Also, look at Portugal, how they've dealt with drugs, where it's a civil crime instead of a criminal crime - http://www.time.com/time/health/article/0,8599,1893946,00.html

Driving these things into illegalisation, you drive the production underground, and make the open discussion about treatment quieter than it should ever be. As for drinking, I think it's a symptom of culture, and its not the individuals to be necessarily blame, they're a product of a boozy culture, where being educated about these things is sneered at, etc. It's all education. John Lydon had a point, even if he does go a bit 'Uncle Johnny' -
View: https://www.youtube.com/watch?v=Xj5R5o-yhcc
 

Andrew_Culture

Internet Marketing bod
A side of Lydon that shows his brightness, and he didn't take the perhaps easy route some debaters do of claiming personal experience through loss, and deciding it empowers the wider choice that should be enforced upon everyone. Let's not forget Lydon's best friend's (very public) death was as a result of drug use. If you've seen Julian's Temple's film 'the Filth and the Fury' you'll know how emotive Lydon's description of that episode is.
 
Totally, I think (probably like a lot of people do) of gentle creative types when it comes to soft drug users, and I know that as with anything putting the criminals in charge (by making soft drugs illegal) they get horribly altered for profit and become something very negative. In the case of weed the fact it's now so damn strong would certainly induce paranoia and general mental hell.

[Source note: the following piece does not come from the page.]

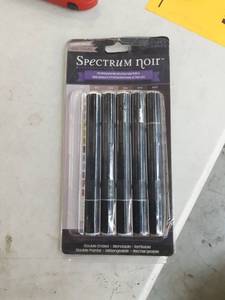 lot 27556 image: Spectrum noirs Professional alcohol markers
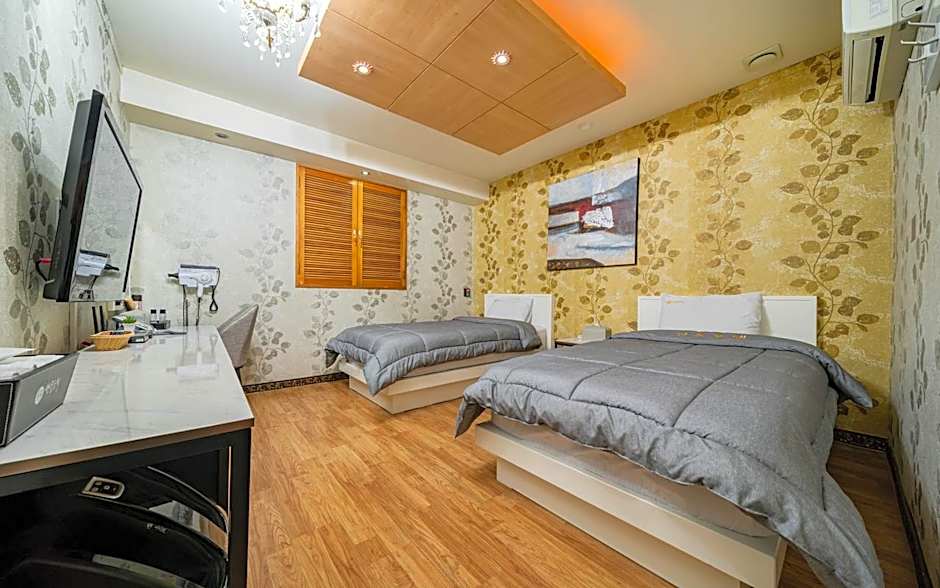 Andong Hotel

I'm not saying drug use or drinking is either good or bad, but the current controls appear to exacerbate the issue and the folk who get it in the neck are the poor buggers trying to police it all. I say this with the greatest of respect for the police.

It's ok, to be fair you had a point to a degree - on a Friday/Saturday night we certainly get less problems (note 'less' not 'none' though!) from the groups that hang around certain areas of the city centre smoking weed than we do from the groups that get out of their face on alcohol. However, I felt it necessary to make the point that there ARE downsides to cannabis use, which can be pretty major - the same can of course be said for any drug.

When I went to University, more than a few of my friends used cannabis. More than a few of my friends regularly got pissed too. As far as I know, none of them (from both groups) either got into any issues from either habit, which probably says more about my friends than the habit.

If the wrong person drinks too much - bad things happen. If the wrong person smokes too much - bad things happen.

It may surprise you to know that my stance on drugs would actually be to legalise absolutely everything, shove the health warnings on, and tax it, combined with coming down more heavily on misuse - have 'but my client was on drugs/drunk at the time' be an aggravating factor rather than mitigation.
 

swee'pea99

Squire
If the wrong person drinks too much - bad things happen. If the wrong person smokes too much - bad things happen.
That's true. But despite your experience - which I in no way denigrate or undervalue - my experience (speaking as a lifelong abuser of both, who's hung around with similar for 30 years)suggests one major difference: those who smoke too much tend (not without exception, but overwhelmingly 'tend') to damage themselves; it's the drinkers who fill the A&E wards every weekend with other people - victims of everything from glassings to road 'accidents'.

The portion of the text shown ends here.